[Date Prev][Date Next][Thread Prev][Thread Next][Date Index][Thread Index]

Re: [HTCondor-users] POST script user privileges in DAG



On 06/02/2015 15:34, R. Kent Wenger wrote:
Ah, yes, the "no stdout/stderr from PRE/POST scripts" issue has been around quite a while:
https://htcondor-wiki.cs.wisc.edu/index.cgi/tktview?tn=171,4
One workaround is for the POST script you specify in your DAG file to just be a wrapper that runs the "real" script and captures stdout and stderr.
If your PRE/POST script is a shell script, you can do this:

#!/bin/sh
exec >mypre.out 2>mypre.err
... continue with rest of script ...

(The "exec" keyword by itself, not followed by any other command, just redirects the stdout and/or stderr of the shell itself)

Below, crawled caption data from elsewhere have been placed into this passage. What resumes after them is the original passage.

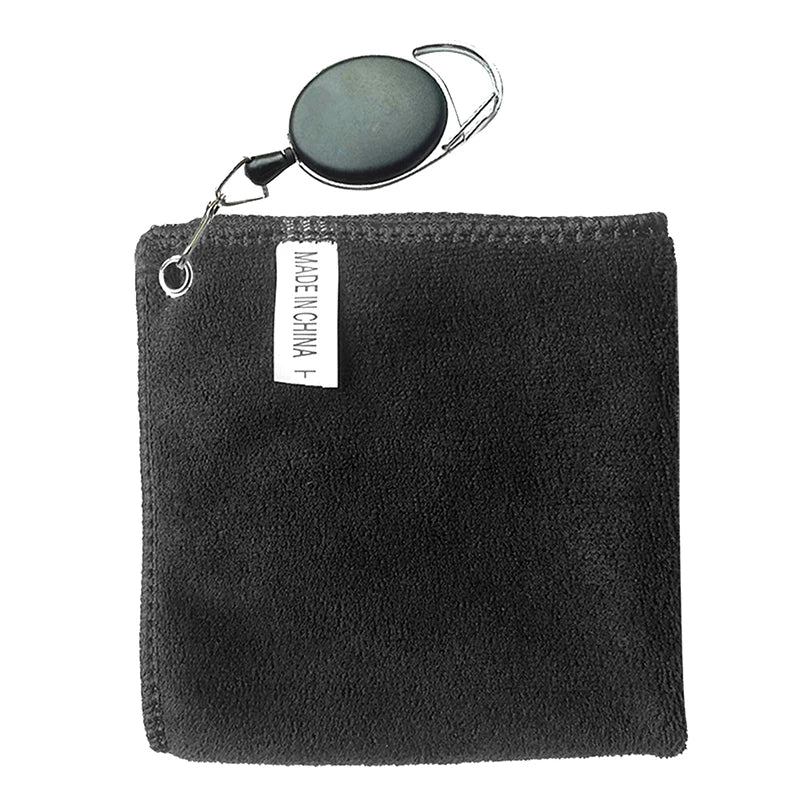 Wet & Dry Golf Towel with Retractable Hook – Clean Clubs & Balls Anywhere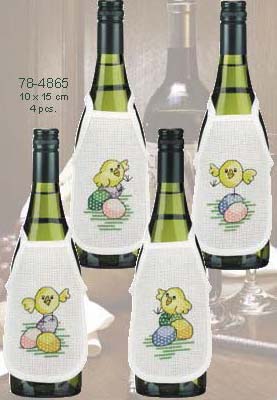 Chicks and Eggs Bottle Aprons - Set of 4
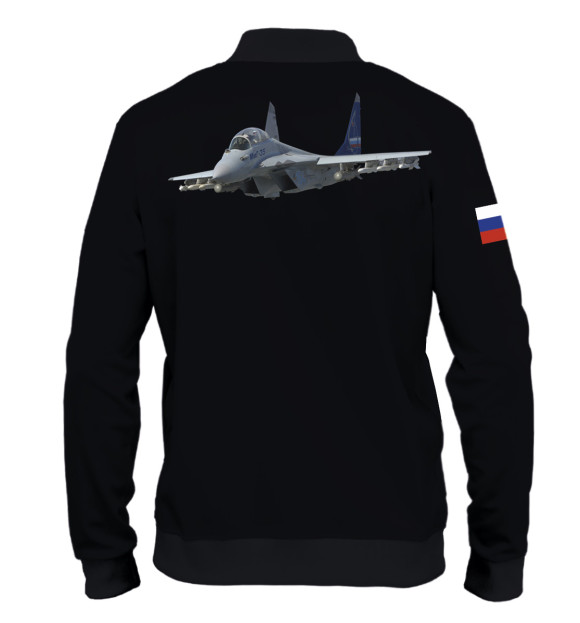 Мужской бомбер с изображением МиГ-35 чёрный цвета Белый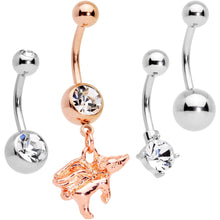 Load image into Gallery viewer, Clear Gem Rose Gold Tone When Pigs Fly Belly Ring Set of 4
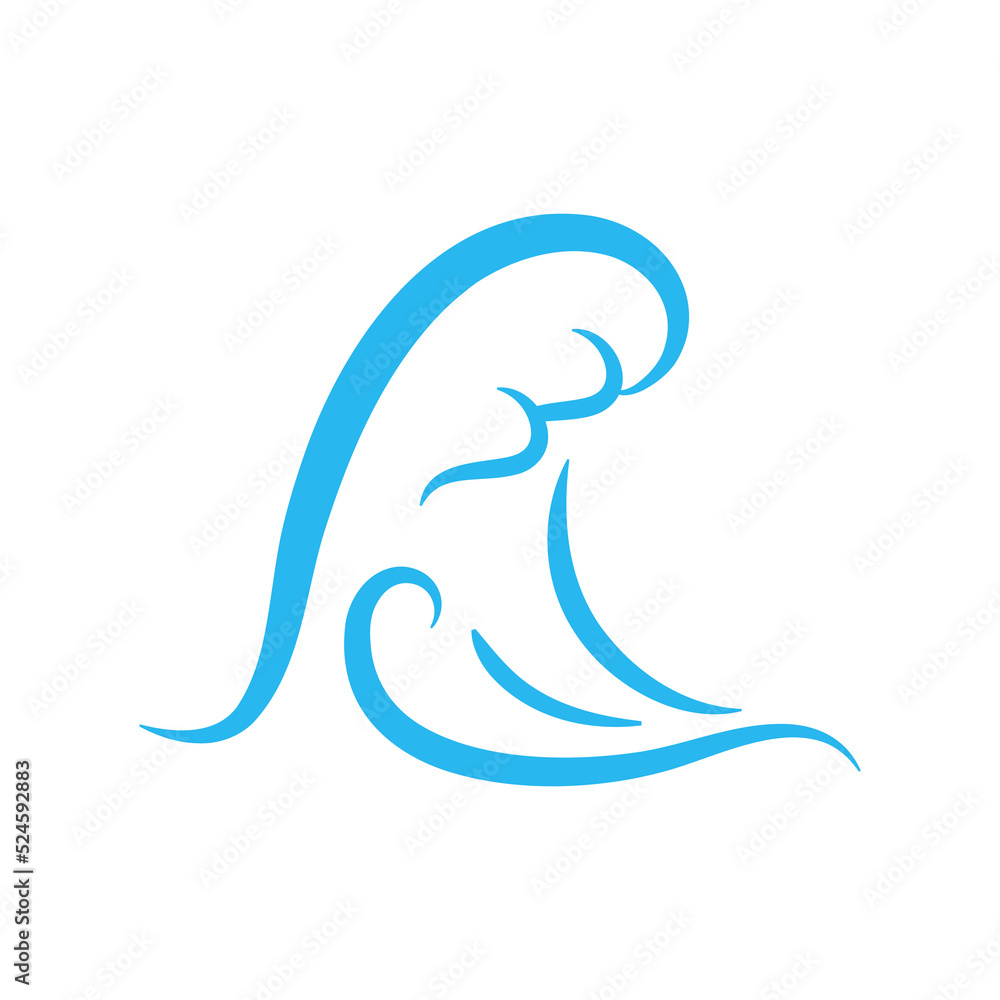 blue water wave line icon in the sea blue water wave line icon in the sea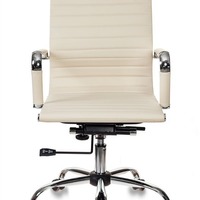 Кресло руководителя Бюрократ CH-883-LOW слоновая кость искусственная кожа, низкая спинка, крестовина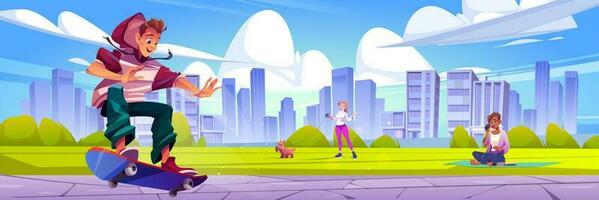patinador en ciudad parque escena dibujos animados vector paisaje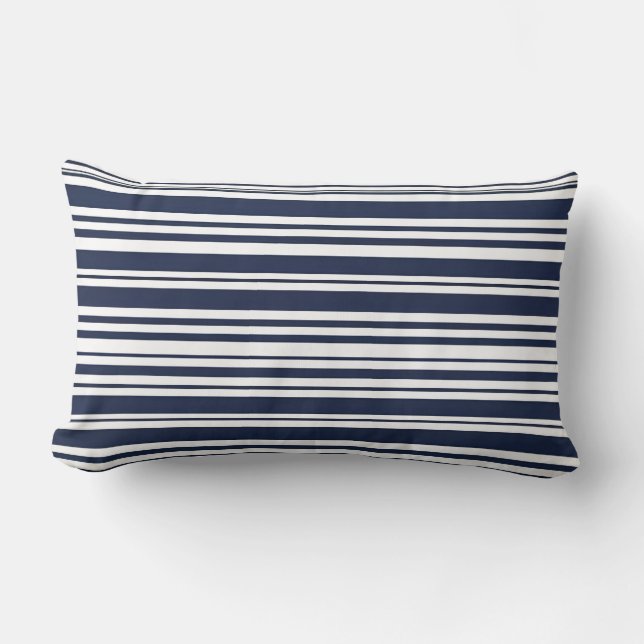 Classic Navy Blue and White Stripe Lumbar Pillow (Front)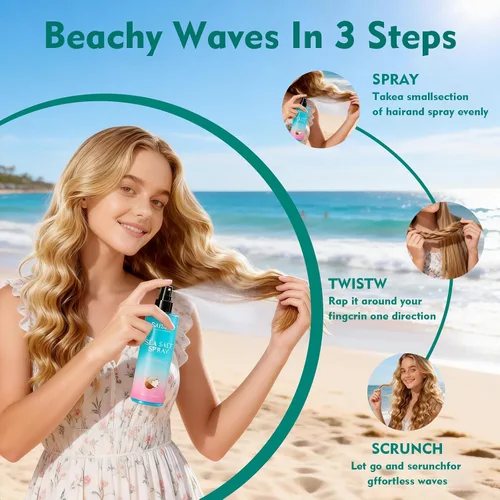 Miniatura 6 de Spray de sal marina para mujeres y hombres, regalos del día de San Valentín, artículos esenciales de viaje, ondas de playa texturizadas y volumen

> Yes, the "run multiple jobs on the same machine" issue is another old one:
> https://htcondor-wiki.cs.wisc.edu/index.cgi/tktview?tn=572,4

If these form a linear sequence, then you can write a single node which does this:

#!/bin/sh -e
./script1 args1
./script2 args2
./script3 args3

'-e' causes the shell script to fail if any of its commands returns a non-zero exit status which is not trapped, e.g. by an 'if' statement.

This seems to me to do essentially the same as the 'claim_timeout', which would have a slot temporarily reserved for the successor node.

Of course, you lose the granularity which would allow DAGMan to restart after a partial completion: let's say if script1 succeeds and script2 fails, and you want it to restart with script2. However, if the requirement is to be able to restart like this *and* that script2 has to run on the same machine as script1 ran, I can see no option other than for DAGMan to capture the node which script1 originally ran on, and record this in the rescue DAG as an extra constraint. That's pretty complicated.

Regards,

Brian Candler.